Some sort of extent hints can (should) be book-keep in such architecture as
you move through the stack but it will always be clipped by the output
size (pixel data will never happen over that).
Yes, these brute force systems have issue with some types of effect,
e.g. a corner pin in normalized coords 0,0 to 0.5, 0.5 creates an output
window of 2X in each dimension for size of output buffer. So in such
host it's typical for effect to add some sort of max grow output buffer
menu (e.g. 2X max)... So why an effect must know it's this sort of host
context and this sort of architecture is its own Type. Host Type
definition is also important here so something like a point parameter on
a distort node is not move relatively to it's location in image by
adding a blur before it for example.
Similarly in such system when an effect on another layer requests a frame from that layer, also as that layer often has a post-effect transform in this sort of application, it's expected to get some compromise, e.g. get that input cropped to the COMP size for example (implementation varies). Some specifications might be useful here to understand the host behavior or options with regards to that: Get Layer without effect applied, Get Layer with effects applied but no post-effect transform (details TBA, trying to avoid host by name)...
[...]
I stop here for today - Spatial format supported would be a state in API added, then to this can be added interpretation based on what is supported.
OK completing my listing, so I have rows to check against properties.

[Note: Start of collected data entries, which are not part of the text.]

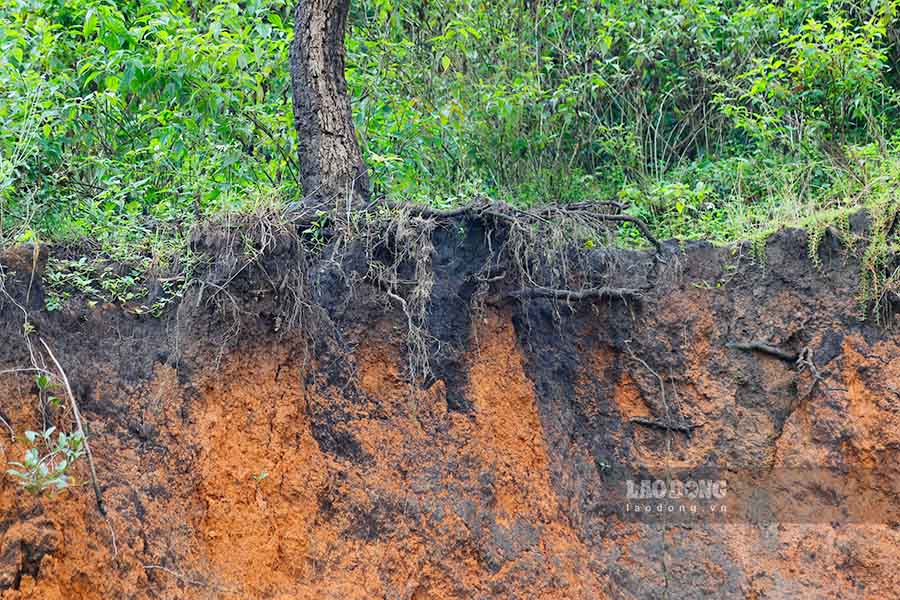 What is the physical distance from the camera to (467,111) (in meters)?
8.12

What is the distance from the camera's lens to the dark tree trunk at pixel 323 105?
6066 mm

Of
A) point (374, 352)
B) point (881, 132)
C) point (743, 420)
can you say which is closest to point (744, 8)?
point (881, 132)

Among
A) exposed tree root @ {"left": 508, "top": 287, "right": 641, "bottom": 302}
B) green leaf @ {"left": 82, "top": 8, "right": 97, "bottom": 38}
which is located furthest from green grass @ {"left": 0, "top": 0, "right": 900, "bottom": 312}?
exposed tree root @ {"left": 508, "top": 287, "right": 641, "bottom": 302}

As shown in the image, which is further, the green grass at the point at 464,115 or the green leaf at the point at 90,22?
the green leaf at the point at 90,22

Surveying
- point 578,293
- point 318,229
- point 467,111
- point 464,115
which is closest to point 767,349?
point 578,293

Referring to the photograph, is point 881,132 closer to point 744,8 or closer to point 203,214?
point 744,8

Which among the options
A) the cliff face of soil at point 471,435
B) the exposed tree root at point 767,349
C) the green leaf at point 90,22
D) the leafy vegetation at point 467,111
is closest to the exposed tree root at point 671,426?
the cliff face of soil at point 471,435

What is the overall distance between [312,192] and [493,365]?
4.79ft

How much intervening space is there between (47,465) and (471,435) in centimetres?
223

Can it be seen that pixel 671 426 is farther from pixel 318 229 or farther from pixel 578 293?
pixel 318 229

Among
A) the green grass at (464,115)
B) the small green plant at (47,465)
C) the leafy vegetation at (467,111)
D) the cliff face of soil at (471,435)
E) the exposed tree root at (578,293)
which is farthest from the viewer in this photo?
the leafy vegetation at (467,111)

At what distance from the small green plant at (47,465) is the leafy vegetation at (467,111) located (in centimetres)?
99

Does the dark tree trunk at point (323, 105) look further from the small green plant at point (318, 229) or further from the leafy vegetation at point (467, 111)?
the leafy vegetation at point (467, 111)

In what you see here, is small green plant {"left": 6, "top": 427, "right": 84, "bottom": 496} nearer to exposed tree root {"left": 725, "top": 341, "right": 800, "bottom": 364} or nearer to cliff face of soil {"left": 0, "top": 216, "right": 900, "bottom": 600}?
cliff face of soil {"left": 0, "top": 216, "right": 900, "bottom": 600} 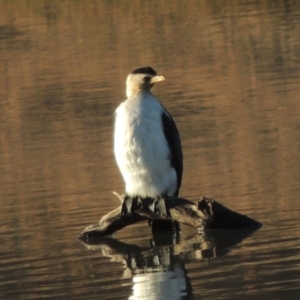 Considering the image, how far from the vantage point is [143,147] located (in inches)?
479

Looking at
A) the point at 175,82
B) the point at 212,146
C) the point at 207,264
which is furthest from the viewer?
the point at 175,82

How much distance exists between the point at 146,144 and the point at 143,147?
1.5 inches

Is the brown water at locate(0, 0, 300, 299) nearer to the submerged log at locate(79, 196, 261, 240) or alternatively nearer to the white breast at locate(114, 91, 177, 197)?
the submerged log at locate(79, 196, 261, 240)

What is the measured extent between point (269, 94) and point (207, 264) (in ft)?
31.1

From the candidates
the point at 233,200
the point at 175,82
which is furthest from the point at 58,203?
the point at 175,82

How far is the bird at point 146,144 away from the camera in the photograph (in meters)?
12.1

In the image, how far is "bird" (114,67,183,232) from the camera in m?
12.1

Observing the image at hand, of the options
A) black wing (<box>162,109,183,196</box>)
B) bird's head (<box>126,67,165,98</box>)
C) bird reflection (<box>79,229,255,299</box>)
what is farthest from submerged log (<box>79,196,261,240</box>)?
bird's head (<box>126,67,165,98</box>)

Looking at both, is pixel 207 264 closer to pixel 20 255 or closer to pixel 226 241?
pixel 226 241

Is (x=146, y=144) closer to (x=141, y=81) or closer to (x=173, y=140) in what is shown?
(x=173, y=140)

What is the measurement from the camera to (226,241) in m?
11.8

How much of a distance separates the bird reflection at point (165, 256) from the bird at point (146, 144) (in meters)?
0.45

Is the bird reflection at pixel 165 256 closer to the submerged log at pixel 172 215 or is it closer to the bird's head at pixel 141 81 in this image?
the submerged log at pixel 172 215

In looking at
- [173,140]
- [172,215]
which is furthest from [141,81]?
[172,215] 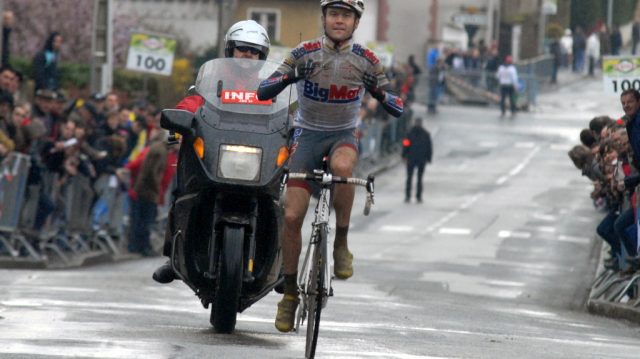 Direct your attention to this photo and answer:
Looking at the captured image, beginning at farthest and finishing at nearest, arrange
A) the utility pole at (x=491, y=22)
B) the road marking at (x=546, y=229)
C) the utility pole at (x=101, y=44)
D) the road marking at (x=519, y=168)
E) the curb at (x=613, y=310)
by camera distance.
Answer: the utility pole at (x=491, y=22) → the road marking at (x=519, y=168) → the road marking at (x=546, y=229) → the utility pole at (x=101, y=44) → the curb at (x=613, y=310)

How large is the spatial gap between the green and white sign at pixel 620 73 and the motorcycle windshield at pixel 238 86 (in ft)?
39.7

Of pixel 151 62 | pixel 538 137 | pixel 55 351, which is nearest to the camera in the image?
pixel 55 351

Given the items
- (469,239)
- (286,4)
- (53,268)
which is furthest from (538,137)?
(53,268)

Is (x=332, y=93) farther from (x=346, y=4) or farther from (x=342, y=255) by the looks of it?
(x=342, y=255)

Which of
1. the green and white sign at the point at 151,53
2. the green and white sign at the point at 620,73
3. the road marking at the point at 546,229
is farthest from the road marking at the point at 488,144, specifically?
the green and white sign at the point at 620,73

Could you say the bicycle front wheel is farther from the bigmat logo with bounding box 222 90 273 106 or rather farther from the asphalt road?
the bigmat logo with bounding box 222 90 273 106

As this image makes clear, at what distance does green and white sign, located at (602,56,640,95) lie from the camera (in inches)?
906

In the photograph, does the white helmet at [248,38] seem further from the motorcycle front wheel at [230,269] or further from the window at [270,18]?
the window at [270,18]

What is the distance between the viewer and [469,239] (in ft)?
94.5

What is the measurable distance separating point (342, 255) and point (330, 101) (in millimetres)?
914

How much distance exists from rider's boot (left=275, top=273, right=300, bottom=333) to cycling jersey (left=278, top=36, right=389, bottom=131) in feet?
3.16

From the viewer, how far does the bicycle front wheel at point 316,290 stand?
973cm

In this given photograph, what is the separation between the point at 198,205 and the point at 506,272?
13.0m

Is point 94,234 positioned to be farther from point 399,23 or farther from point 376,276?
point 399,23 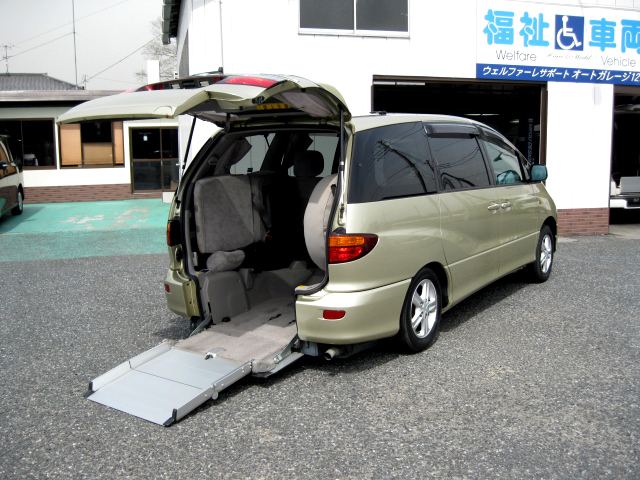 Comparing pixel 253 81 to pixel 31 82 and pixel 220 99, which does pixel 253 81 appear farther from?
pixel 31 82

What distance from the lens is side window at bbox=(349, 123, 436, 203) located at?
4.21m

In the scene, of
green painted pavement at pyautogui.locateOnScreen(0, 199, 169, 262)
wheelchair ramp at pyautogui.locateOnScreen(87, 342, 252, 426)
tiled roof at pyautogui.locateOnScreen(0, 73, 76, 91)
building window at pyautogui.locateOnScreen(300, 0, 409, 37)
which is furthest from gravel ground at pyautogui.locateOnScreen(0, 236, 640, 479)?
tiled roof at pyautogui.locateOnScreen(0, 73, 76, 91)

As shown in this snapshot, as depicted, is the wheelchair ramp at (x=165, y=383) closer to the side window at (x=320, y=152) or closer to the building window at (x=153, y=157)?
the side window at (x=320, y=152)

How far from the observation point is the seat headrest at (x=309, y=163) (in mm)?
5266

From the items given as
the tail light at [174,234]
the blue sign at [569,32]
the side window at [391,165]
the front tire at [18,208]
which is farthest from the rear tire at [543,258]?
the front tire at [18,208]

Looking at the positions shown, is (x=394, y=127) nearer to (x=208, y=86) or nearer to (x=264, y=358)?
(x=208, y=86)

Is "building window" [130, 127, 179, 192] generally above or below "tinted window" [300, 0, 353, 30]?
below

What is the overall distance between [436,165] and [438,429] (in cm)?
227

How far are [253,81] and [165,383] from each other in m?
2.05

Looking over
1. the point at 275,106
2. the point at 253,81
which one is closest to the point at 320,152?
the point at 275,106

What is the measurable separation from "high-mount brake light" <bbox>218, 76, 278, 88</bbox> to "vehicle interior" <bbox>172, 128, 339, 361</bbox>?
3.09 feet

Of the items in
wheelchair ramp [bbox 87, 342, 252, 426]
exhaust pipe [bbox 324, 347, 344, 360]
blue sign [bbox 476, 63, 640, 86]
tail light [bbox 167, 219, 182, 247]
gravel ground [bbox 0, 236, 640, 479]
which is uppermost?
blue sign [bbox 476, 63, 640, 86]

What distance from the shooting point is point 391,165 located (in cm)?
447

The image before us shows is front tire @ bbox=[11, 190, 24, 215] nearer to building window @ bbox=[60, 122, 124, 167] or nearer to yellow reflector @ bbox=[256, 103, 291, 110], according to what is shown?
building window @ bbox=[60, 122, 124, 167] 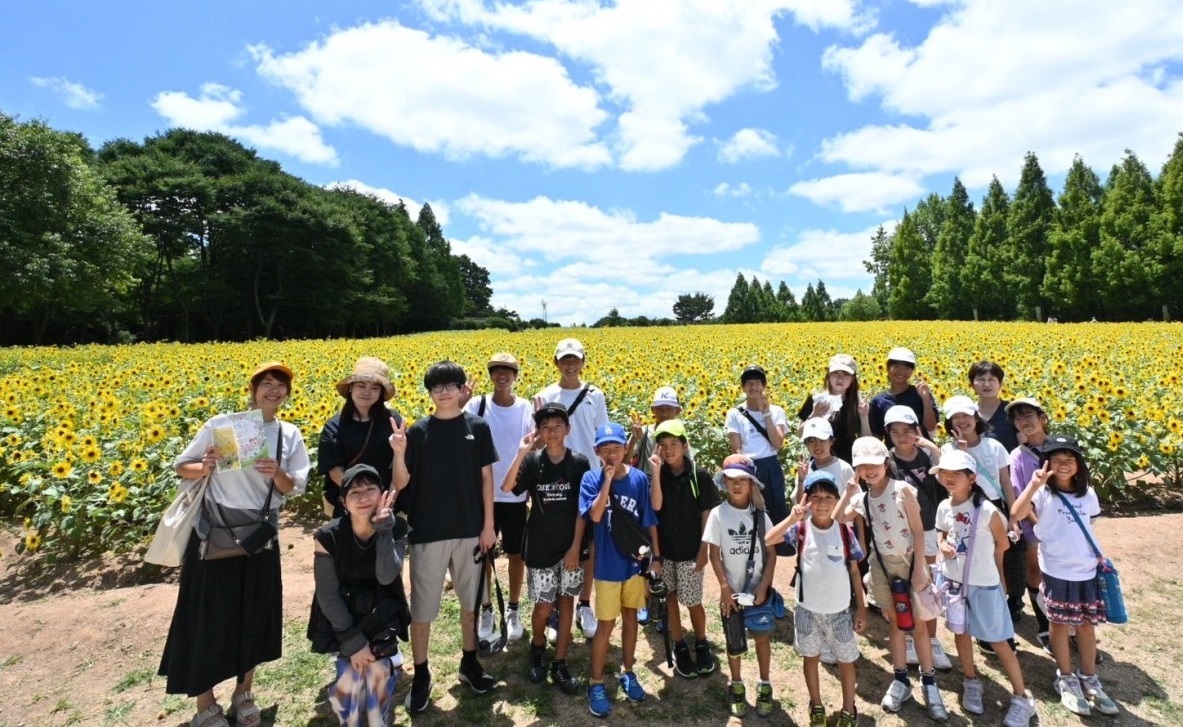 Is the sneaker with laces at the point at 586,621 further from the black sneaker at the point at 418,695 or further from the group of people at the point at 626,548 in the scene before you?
the black sneaker at the point at 418,695

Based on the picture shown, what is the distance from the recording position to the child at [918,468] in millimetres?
3566

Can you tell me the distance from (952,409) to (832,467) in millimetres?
863

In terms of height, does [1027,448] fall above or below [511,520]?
above

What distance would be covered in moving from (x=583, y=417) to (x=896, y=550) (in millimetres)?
2112

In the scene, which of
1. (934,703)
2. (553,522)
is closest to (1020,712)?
(934,703)

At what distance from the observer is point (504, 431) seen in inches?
159

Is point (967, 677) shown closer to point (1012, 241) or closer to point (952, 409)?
point (952, 409)

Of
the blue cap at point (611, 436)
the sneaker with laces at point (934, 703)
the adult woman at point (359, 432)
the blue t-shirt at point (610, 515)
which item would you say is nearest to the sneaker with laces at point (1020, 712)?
the sneaker with laces at point (934, 703)

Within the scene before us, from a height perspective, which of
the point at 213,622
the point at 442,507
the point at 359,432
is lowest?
the point at 213,622

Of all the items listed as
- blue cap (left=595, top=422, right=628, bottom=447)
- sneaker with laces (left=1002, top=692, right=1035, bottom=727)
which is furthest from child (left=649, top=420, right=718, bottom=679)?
sneaker with laces (left=1002, top=692, right=1035, bottom=727)

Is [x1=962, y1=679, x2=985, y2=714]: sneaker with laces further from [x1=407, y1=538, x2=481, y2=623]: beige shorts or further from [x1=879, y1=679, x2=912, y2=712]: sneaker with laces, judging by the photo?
[x1=407, y1=538, x2=481, y2=623]: beige shorts

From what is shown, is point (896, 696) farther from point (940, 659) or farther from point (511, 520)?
point (511, 520)

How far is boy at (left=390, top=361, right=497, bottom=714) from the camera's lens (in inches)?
131

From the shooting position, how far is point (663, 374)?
30.1 ft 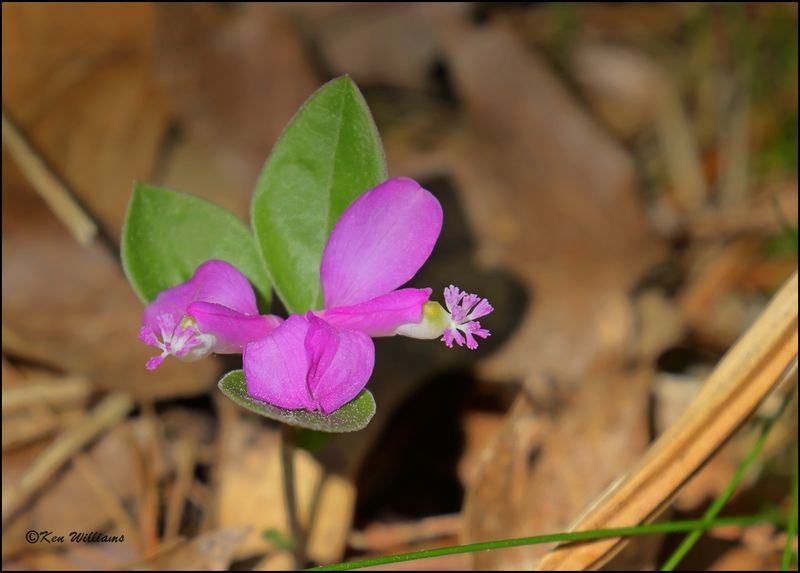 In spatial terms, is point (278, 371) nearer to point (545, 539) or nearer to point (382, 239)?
point (382, 239)

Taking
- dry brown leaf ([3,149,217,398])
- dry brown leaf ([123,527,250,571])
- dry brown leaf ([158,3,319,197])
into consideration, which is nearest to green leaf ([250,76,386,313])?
dry brown leaf ([123,527,250,571])

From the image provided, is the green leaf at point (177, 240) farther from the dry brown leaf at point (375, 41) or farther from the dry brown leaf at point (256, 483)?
the dry brown leaf at point (375, 41)

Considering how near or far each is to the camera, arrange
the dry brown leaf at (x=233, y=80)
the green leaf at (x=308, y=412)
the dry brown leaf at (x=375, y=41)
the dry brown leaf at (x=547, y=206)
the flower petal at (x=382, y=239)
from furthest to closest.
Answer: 1. the dry brown leaf at (x=375, y=41)
2. the dry brown leaf at (x=233, y=80)
3. the dry brown leaf at (x=547, y=206)
4. the flower petal at (x=382, y=239)
5. the green leaf at (x=308, y=412)

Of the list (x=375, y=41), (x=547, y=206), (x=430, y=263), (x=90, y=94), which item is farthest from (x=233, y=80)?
(x=547, y=206)

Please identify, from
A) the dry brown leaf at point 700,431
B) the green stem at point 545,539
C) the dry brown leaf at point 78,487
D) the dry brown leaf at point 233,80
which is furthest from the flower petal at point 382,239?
the dry brown leaf at point 233,80

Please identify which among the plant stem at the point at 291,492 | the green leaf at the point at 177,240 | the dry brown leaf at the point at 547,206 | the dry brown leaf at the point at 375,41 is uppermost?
the dry brown leaf at the point at 375,41

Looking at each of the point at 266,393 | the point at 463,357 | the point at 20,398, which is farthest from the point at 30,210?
the point at 266,393
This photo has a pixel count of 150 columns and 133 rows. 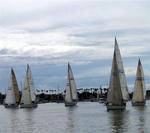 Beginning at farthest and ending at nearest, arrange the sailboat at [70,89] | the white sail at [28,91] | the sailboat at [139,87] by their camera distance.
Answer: the sailboat at [70,89] < the white sail at [28,91] < the sailboat at [139,87]

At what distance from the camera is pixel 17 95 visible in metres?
129

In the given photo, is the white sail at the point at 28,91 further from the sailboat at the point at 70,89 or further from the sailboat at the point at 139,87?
the sailboat at the point at 139,87

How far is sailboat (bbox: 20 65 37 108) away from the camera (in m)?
122

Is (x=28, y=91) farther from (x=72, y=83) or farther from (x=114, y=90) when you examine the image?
(x=114, y=90)

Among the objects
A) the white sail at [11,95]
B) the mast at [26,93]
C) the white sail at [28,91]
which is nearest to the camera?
the mast at [26,93]

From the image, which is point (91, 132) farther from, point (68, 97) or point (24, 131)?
point (68, 97)

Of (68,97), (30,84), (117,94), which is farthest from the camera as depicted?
(68,97)

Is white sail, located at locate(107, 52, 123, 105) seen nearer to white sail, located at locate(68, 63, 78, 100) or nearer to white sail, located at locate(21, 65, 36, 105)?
white sail, located at locate(21, 65, 36, 105)

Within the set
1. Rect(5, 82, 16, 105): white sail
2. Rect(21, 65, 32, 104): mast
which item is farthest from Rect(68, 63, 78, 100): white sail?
Rect(5, 82, 16, 105): white sail

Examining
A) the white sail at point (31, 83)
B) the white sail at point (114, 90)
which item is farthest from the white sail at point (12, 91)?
the white sail at point (114, 90)

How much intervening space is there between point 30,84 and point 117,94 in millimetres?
41117

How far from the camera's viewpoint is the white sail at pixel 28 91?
12194 centimetres

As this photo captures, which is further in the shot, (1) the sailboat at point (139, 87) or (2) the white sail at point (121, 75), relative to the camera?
(1) the sailboat at point (139, 87)

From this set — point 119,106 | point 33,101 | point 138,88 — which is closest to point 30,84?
point 33,101
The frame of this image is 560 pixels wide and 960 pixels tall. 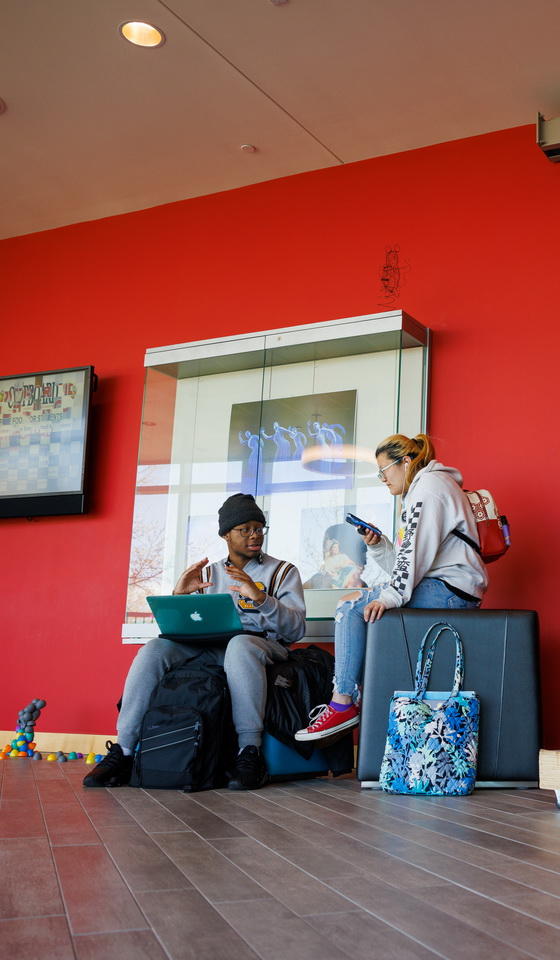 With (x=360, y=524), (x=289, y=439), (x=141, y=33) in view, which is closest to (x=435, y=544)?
(x=360, y=524)

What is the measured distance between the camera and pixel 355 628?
3.03 meters

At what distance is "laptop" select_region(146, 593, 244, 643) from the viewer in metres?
3.17

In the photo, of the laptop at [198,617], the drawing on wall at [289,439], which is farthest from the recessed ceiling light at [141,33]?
the laptop at [198,617]

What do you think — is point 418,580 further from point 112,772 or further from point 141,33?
point 141,33

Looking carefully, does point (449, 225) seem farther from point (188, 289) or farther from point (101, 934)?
point (101, 934)

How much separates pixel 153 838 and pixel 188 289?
340 centimetres

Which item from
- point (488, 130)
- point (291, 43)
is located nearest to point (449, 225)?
point (488, 130)

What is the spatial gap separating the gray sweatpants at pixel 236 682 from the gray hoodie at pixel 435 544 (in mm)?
497

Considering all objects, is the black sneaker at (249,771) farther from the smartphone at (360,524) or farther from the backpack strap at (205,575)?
the smartphone at (360,524)

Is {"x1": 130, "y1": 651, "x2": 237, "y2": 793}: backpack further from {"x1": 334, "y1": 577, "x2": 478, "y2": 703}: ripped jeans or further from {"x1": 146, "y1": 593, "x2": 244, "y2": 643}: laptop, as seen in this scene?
{"x1": 334, "y1": 577, "x2": 478, "y2": 703}: ripped jeans

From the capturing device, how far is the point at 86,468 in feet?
15.9

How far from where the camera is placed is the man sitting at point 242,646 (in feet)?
9.93

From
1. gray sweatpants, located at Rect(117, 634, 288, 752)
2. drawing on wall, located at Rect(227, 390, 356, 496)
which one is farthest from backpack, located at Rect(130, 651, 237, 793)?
drawing on wall, located at Rect(227, 390, 356, 496)

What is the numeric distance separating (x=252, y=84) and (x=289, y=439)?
1.56 m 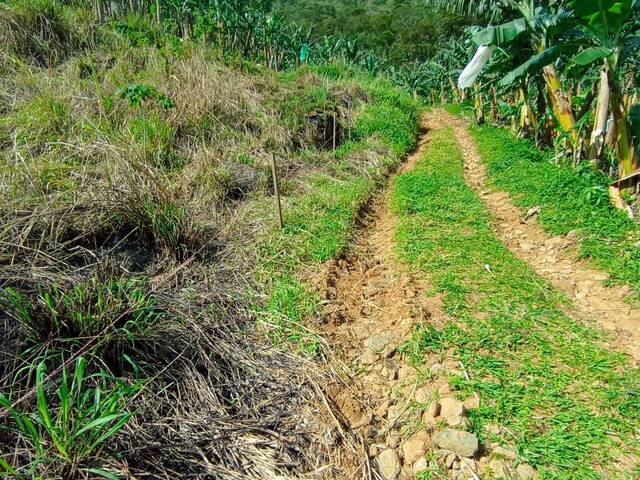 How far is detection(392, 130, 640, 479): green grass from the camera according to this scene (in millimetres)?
1807

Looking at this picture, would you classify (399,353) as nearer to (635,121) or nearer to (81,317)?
(81,317)

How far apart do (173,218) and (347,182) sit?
8.84ft

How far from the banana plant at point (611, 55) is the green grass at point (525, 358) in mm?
1747

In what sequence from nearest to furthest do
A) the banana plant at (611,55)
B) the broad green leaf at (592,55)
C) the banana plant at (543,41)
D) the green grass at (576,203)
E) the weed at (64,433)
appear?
the weed at (64,433) < the green grass at (576,203) < the banana plant at (611,55) < the broad green leaf at (592,55) < the banana plant at (543,41)

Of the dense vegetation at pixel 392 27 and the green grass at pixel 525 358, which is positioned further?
the dense vegetation at pixel 392 27

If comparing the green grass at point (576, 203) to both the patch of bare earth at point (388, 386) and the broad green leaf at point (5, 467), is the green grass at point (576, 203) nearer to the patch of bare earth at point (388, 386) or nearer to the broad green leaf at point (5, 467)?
the patch of bare earth at point (388, 386)

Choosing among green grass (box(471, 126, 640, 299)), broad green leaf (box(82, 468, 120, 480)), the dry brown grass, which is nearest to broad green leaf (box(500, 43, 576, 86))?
green grass (box(471, 126, 640, 299))

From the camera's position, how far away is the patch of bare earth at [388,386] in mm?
1806

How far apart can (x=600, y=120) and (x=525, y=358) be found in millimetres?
3520

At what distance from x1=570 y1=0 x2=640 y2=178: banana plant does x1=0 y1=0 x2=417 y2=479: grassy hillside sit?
108 inches

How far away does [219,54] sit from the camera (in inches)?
307

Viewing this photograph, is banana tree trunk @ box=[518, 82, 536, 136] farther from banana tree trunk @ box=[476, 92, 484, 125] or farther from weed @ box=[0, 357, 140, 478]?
weed @ box=[0, 357, 140, 478]

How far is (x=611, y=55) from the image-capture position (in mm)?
3998

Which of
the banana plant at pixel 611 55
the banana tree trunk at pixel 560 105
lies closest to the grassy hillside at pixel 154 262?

Just sharing notes, my hypothesis overall is now we need to sort of
define a transcoding/parenting model where spatial, temporal and
pixel/color variables are more clear - while creating the minimal amount
of new properties - so plugin in some place in host has a clear picture
of what they can know and do, and then so we can when we then get to
"dynamic" metadata have something to sit things like transform, timeline
(e.g. a plugin that marks cut in video even), AWB/AE over time
meta-data from a video stream.... so all this is mappable to OFX
universe.
Host type 4-6 can be summarized quickly, overall recommended reading
if the purpose of this reflection is not clear, would be latest Resolve
help manual - chapter 9 about Spatial Formatting. (task: Insert plugin
here! :) ).
Host Type 4: Do support on main input clip/frame basis a
full image/frame region processing, including for example if you
stabilize and the clip is now e.g. 500 pixels left on frame 12 and
400
on frame 11, all still good (at least until one inserts a diagonal
blur before you - again note a stabilization is a transform not a
render region, a render window can optimize the render from the transform but it's
different kind of information). However these "type 4" hosts type share
the issue of
additional inputs on an effect not being fully evaluated (see end
of Type 3). These sort of hosts can be unfolded from a layer
based view to a nodal connection view so we avoid here the nodal
compositing language. To continue using examples
of hosts that don't exist anymore, remember Combustion had that
dual view mode, and still having comps inside the nodal views and
in
their case 32b float only existed within a layer scope... (so on
the "color" level). Using that example to remind that the parent
domain of effect can be different for time, spatial and color (or I
should maybe say pixel) attributes.
Host Type 5: Generally we would descride these as nodal
compositor that would evaluate the full graph (typically a DAG not
a tree - perhaps above is a tree with "symbolic links" - not
necessarily a doubly linked list), although at a theorical level
not all nodal compositor evaluate the same. Type 5 host rely when
evaluating on rules about how to handle A vs B clip with different
attributes when there are multiple inputs. Some hosts vary by
purity of certain attributes, which in this sub-context amounts to
how we can separate a change of the pixels size (scaling) versus
the size of defined pixel data window or not. Whether one wants
such convenience maintained at node level or force the same via
special nodes that break the graph to accomplish the same (via
making it up via parameters on special nodes) will vary per
implementation.
To just bang on defunct hosts, for example
initially Shake did not support 3:2 pulldown on outputs (or
anything else than fileIn), a simplest case of temporal processing
and formatting.
Eventually as a workaround to simplify discussion they added a
cache node one could insert in middle of a graph (write out - read
in). Same with temporal processing, one host might carry along the
graph video interlacing information until it meets a node that
resets that to deinterlaced frame, while another will only handle
that at image input level... Or if one remembers FCP Legacy,
they were internally YUVA, and they supported initially AE plugins
RGBA, so when one selected say a certain codec as output, you
could get terrible banding as every plugin processing when
rendering (the whole project) was now conformed to the output
format selected... If the effect of that is not clear, say you
have a threshold value slider - it might not be the same value because
the pixel precision changed... ETC
The example I used from Nuke NDK: (the UI menu thing as in Nuke is optional, an host could even respond by automatically upon application add a node before or after to conform to this, that part is irrelevant), note NDK format also supports a static window not just a spatial resolution (back to our letterbox window).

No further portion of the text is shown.